Sorry to his campaign, but that’s not what he said. He said they didn’t build their businesses, while deprecating their savvy and hard work as the engines of success.
Now it’s true, as the MaddowBlog quickly pointed out, that Mitt Romney himself made much the same point when he said “a lot of people help you in a business. Perhaps the banks, the investors. There’s no question your mom and dad. Your school teachers. The people that provide roads, the fire, and the police. A lot of people help.”
What Romney did not say, though, was “you didn’t build” your business — and even if he had, there are two big differences between Romney saying it and the president.
First, we know Romney believes in an entrepreneurial culture. He’s lived it. And he extols free enterprise all the time as the foundation of prosperity.
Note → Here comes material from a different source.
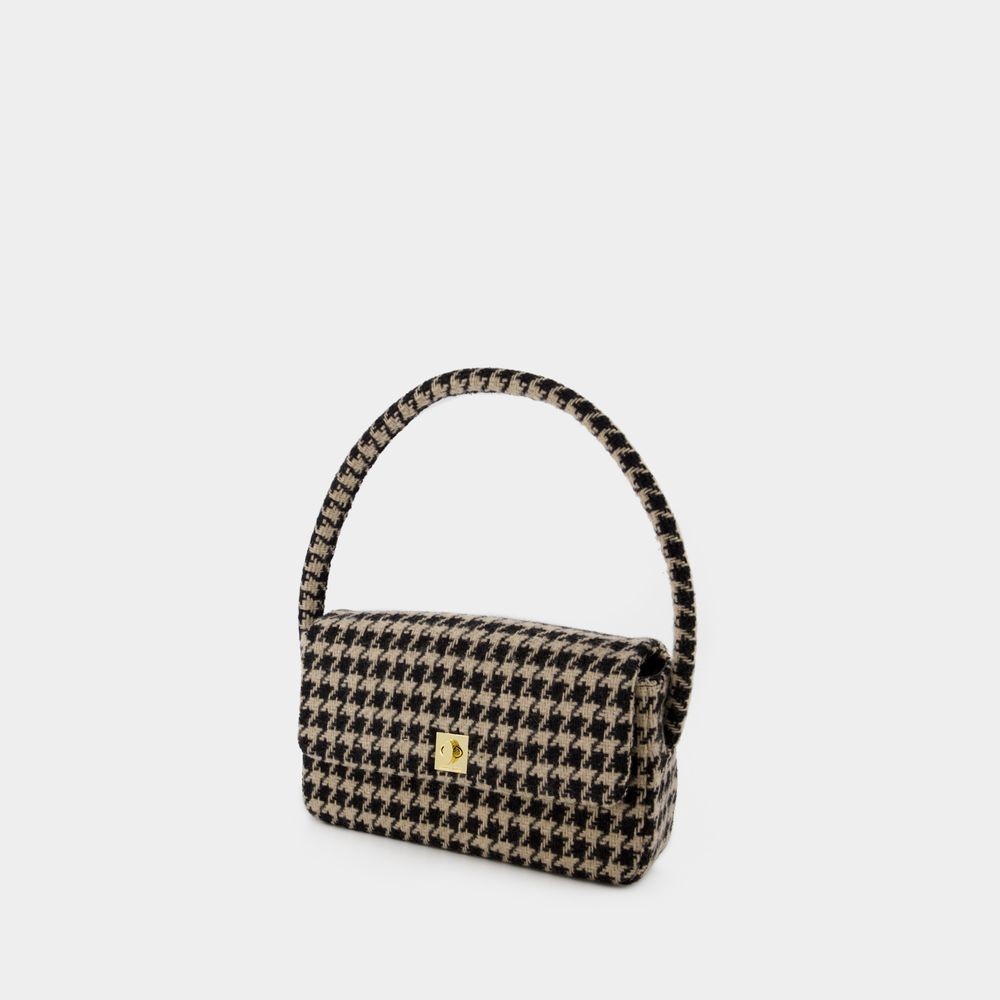 Anine Bing Nico Bag In White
By contrast, Obama’s background is bereft of any significant first-hand experience that might foster respect or sympathy for business owners. To the contrary, he hails from occupational niches — community activism, academia and politics — in which disdain for commerce is quite widespread.
Of course, you can be a law professor or a politician who bucks the ideological tide. Far more telling is that Obama for years has been making similar statements that suggest a decidedly low regard for commerce and the motives of those who flourish within the private sector.
One of these revealing moments occurred four years ago during his commencement address at Wesleyan University, when he exhorted graduates to take up community service. That’s a worthy theme, of course, but consider how he did it.
“There’s no community service requirement in the real world; no one forcing you to care,” he said. “You can take your diploma, walk off this stage, and chase only after the big house and the nice suits and all the other things that our money culture says you should buy. You can choose to narrow your concerns and live your life in a way that tries to keep your story separate from America’s. But I hope you don’t.”
Several times elsewhere in his speech, Obama cited public sector jobs as examples of meaningful work. The candidate basically offered graduates the following choice: meaningful work in the non-profit and public sectors, on the one hand, or money-grubbing that chases big houses and nice suits. To call this a caricature would be kind.
This nation is engaged in a decisive debate about how to revive an economy mired in slow growth and meager job creati0n, so naturally we pay attention to a candidate’s views of how the economy works. If Obama wants critics to stop saying he’s disdainful of business, maybe he should stop providing them with evidence for the charge.